--- GIVEN RECORDS Enclosed Below ---

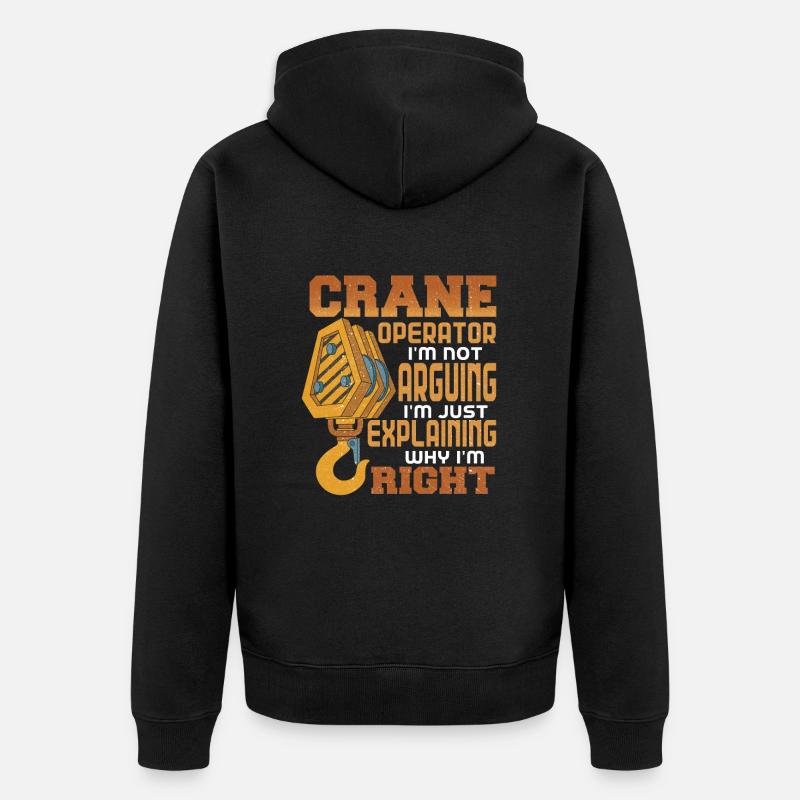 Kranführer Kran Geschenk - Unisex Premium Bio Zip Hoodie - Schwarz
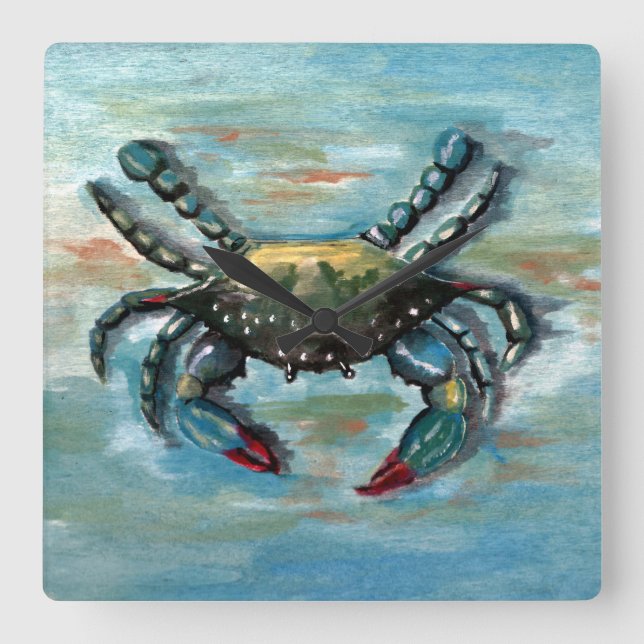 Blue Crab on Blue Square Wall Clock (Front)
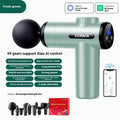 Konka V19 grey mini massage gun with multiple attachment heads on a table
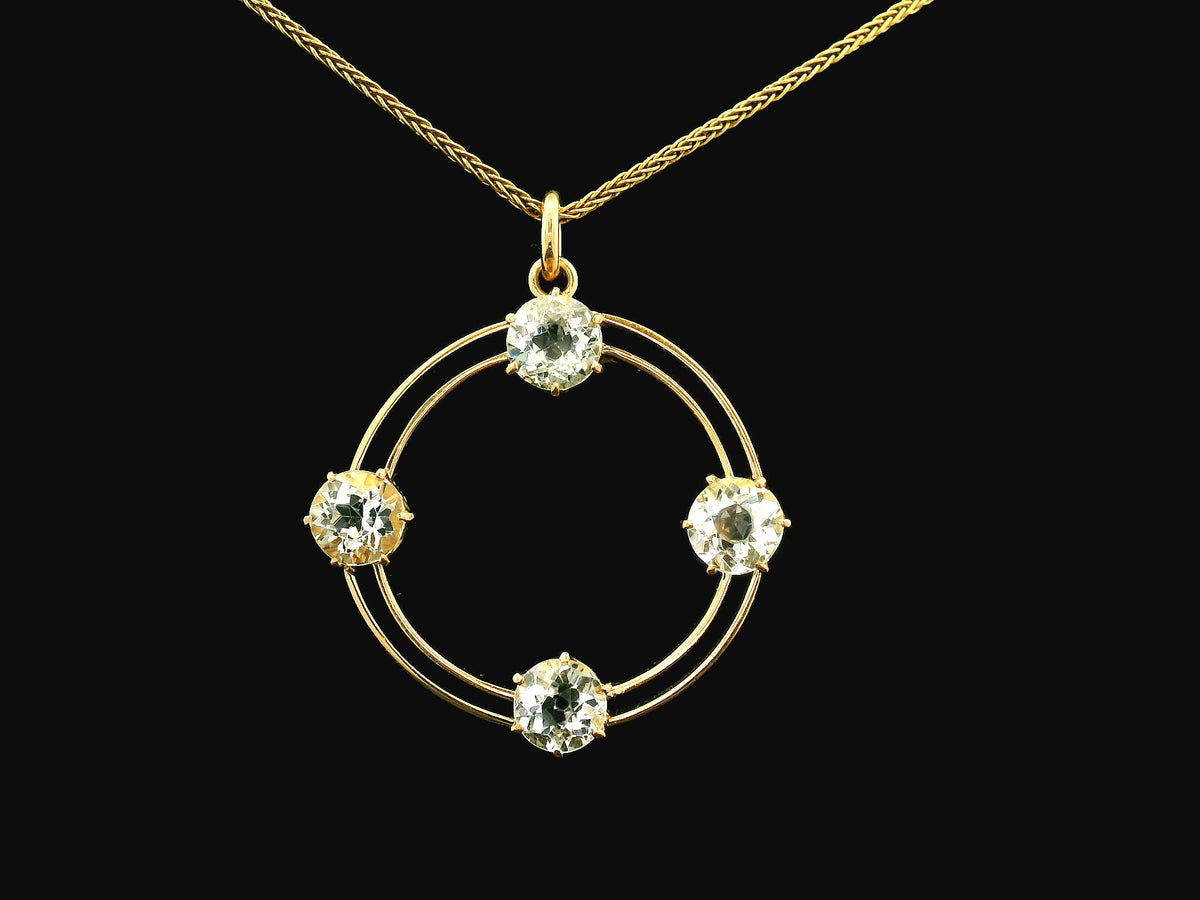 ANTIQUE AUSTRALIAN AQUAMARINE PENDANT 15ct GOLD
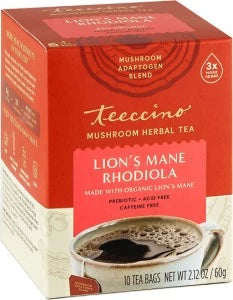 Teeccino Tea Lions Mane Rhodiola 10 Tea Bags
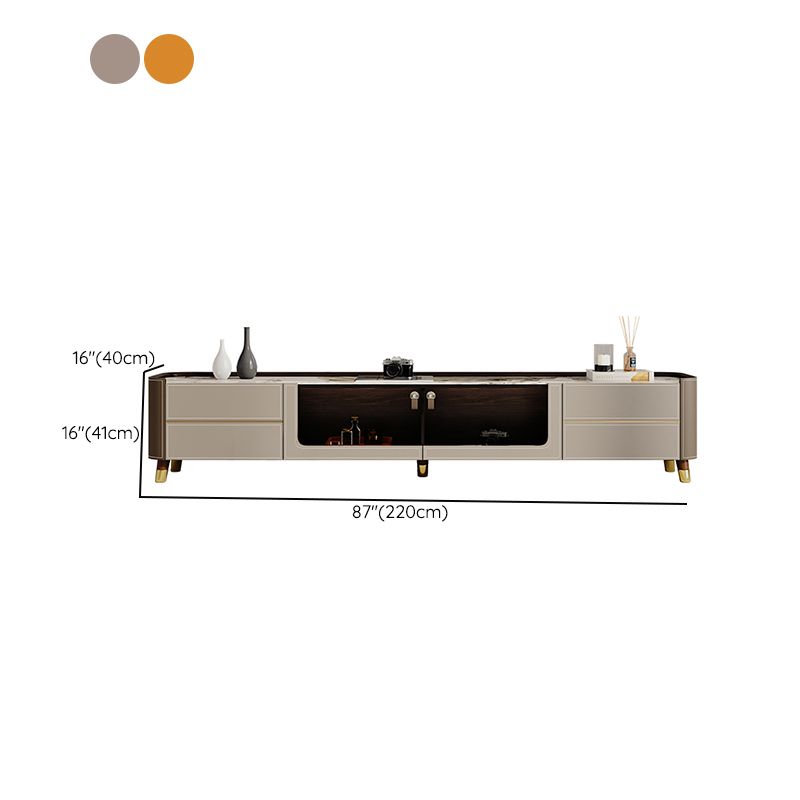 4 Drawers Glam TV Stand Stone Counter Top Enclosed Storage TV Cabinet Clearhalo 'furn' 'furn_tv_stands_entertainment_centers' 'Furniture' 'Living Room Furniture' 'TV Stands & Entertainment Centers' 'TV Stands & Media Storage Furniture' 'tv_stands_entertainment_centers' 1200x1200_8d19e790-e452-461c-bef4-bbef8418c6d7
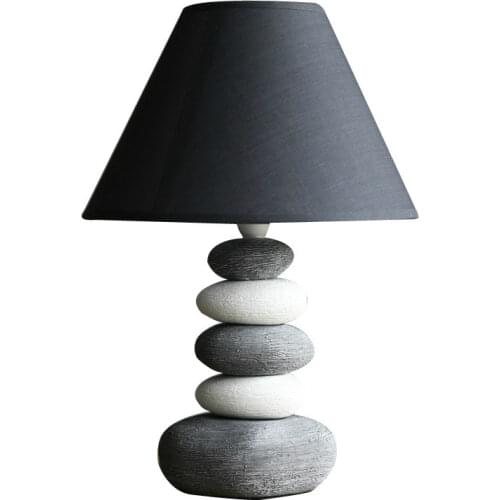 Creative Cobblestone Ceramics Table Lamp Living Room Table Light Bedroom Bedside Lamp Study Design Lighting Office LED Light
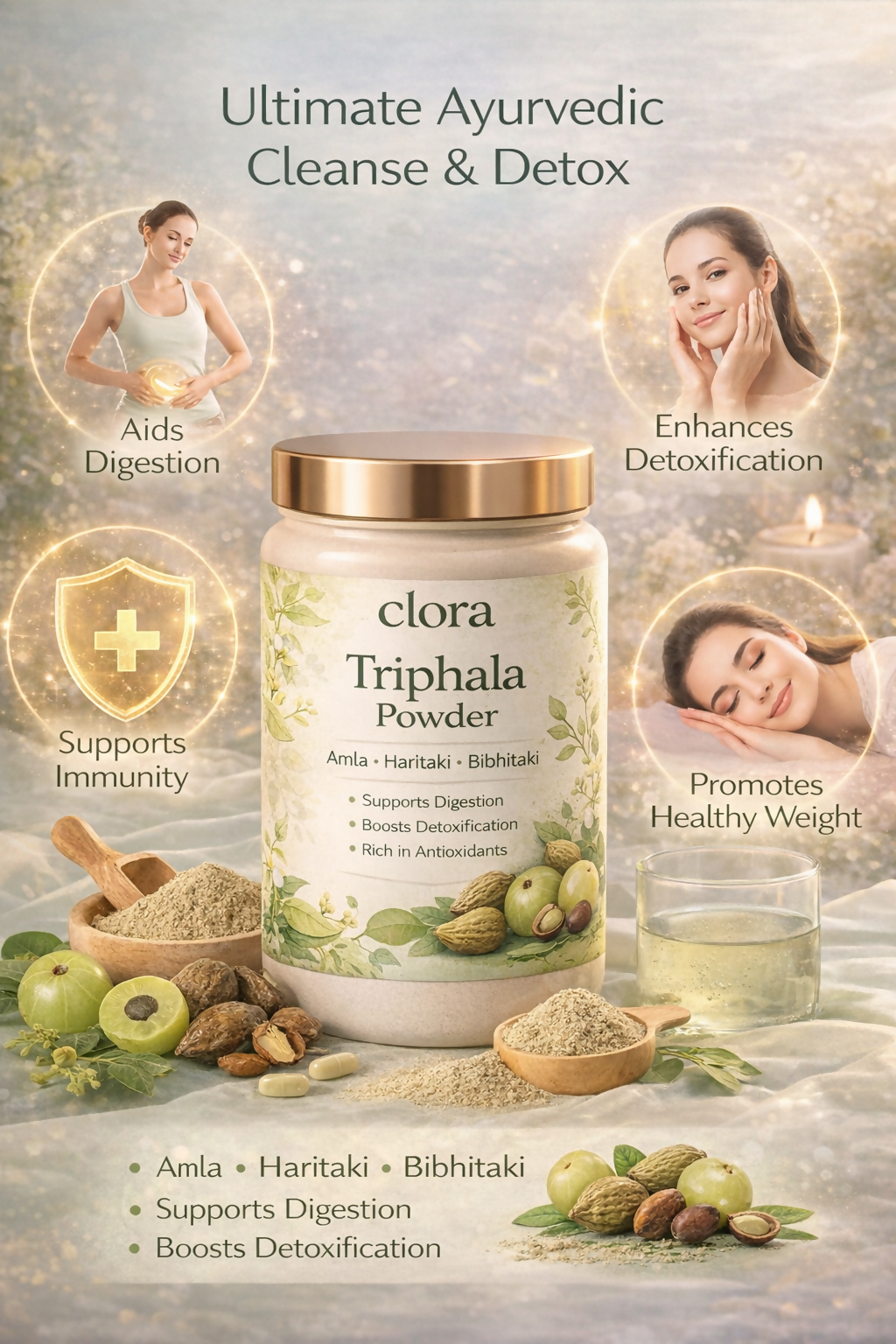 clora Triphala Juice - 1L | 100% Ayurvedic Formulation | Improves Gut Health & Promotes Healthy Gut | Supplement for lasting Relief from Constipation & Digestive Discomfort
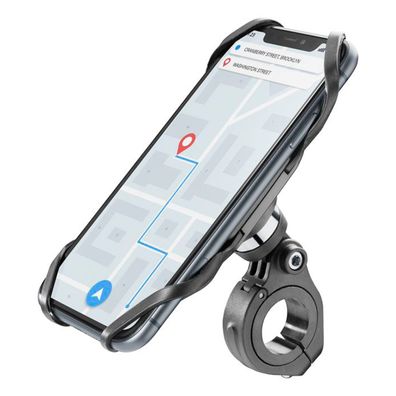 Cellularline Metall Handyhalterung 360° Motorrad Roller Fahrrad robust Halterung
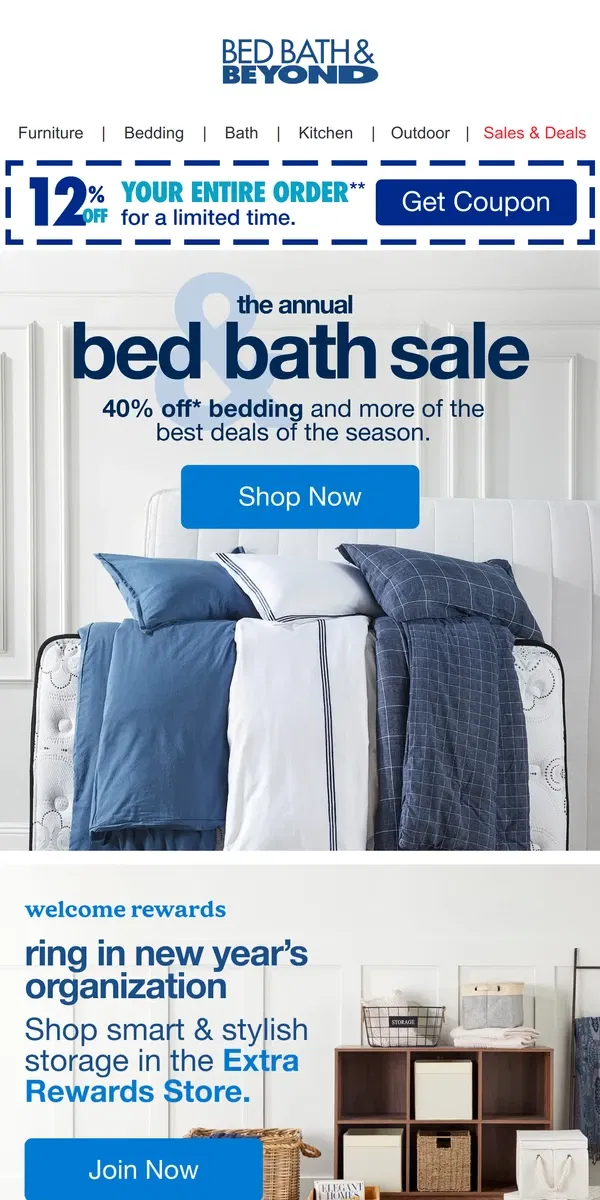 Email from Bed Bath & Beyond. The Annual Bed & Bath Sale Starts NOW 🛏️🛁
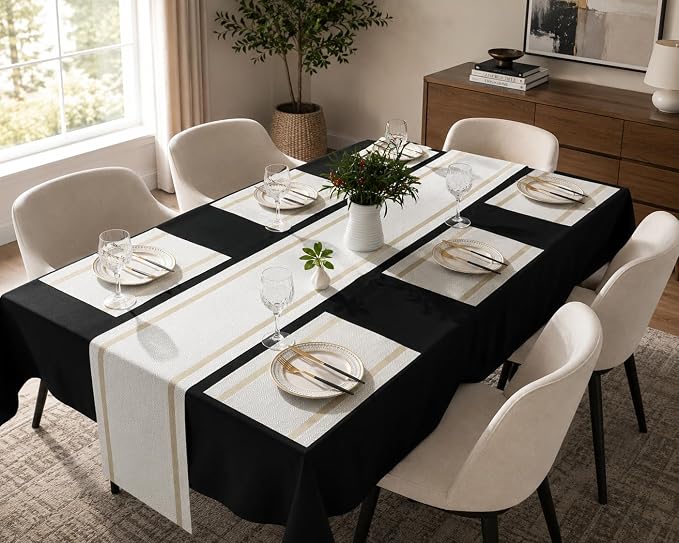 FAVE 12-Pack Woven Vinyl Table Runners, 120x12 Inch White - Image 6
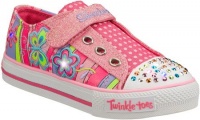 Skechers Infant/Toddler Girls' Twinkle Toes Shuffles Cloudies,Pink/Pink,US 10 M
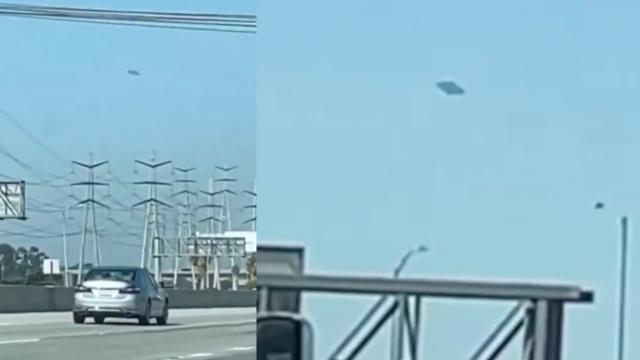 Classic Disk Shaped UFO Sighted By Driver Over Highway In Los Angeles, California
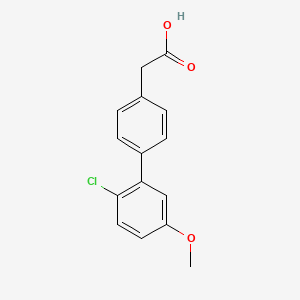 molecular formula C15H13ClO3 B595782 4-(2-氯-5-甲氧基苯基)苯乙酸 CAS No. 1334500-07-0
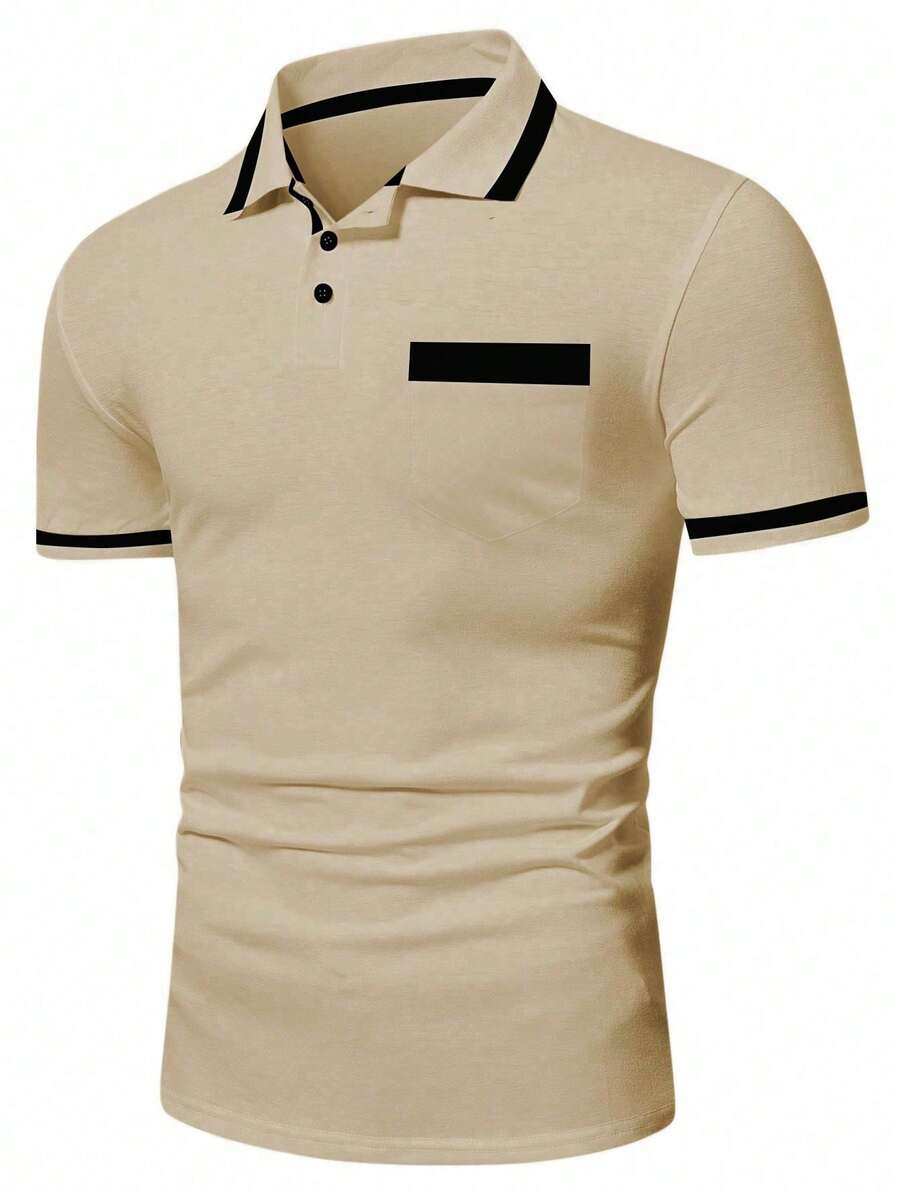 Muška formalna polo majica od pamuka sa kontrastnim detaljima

--- End of Enclosed GIVEN RECORDS ---

Each entry needs to be retyped exactly; the pictures stay out.

• [YOUR RESPONSE]
 Kranführer Kran Geschenk - Unisex Premium Bio Zip Hoodie - Schwarz
 Blue Crab on Blue Square Wall Clock (Front)
 Konka V19 grey mini massage gun with multiple attachment heads on a table
 ANTIQUE AUSTRALIAN AQUAMARINE PENDANT 15ct GOLD
 Teeccino Tea Lions Mane Rhodiola 10 Tea Bags
 4 Drawers Glam TV Stand Stone Counter Top Enclosed Storage TV Cabinet Clearhalo 'furn' 'furn_tv_stands_entertainment_centers' 'Furniture' 'Living Room Furniture' 'TV Stands & Entertainment Centers' 'TV Stands & Media Storage Furniture' 'tv_stands_entertainment_centers' 1200x1200_8d19e790-e452-461c-bef4-bbef8418c6d7
 Creative Cobblestone Ceramics Table Lamp Living Room Table Light Bedroom Bedside Lamp Study Design Lighting Office LED Light
 clora Triphala Juice - 1L | 100% Ayurvedic Formulation | Improves Gut Health & Promotes Healthy Gut | Supplement for lasting Relief from Constipation & Digestive Discomfort
 Cellularline Metall Handyhalterung 360° Motorrad Roller Fahrrad robust Halterung
 Email from Bed Bath & Beyond. The Annual Bed & Bath Sale Starts NOW 🛏️🛁
 FAVE 12-Pack Woven Vinyl Table Runners, 120x12 Inch White - Image 6
 Skechers Infant/Toddler Girls' Twinkle Toes Shuffles Cloudies,Pink/Pink,US 10 M
 Classic Disk Shaped UFO Sighted By Driver Over Highway In Los Angeles, California
 molecular formula C15H13ClO3 B595782 4-(2-氯-5-甲氧基苯基)苯乙酸 CAS No. 1334500-07-0
 Muška formalna polo majica od pamuka sa kontrastnim detaljima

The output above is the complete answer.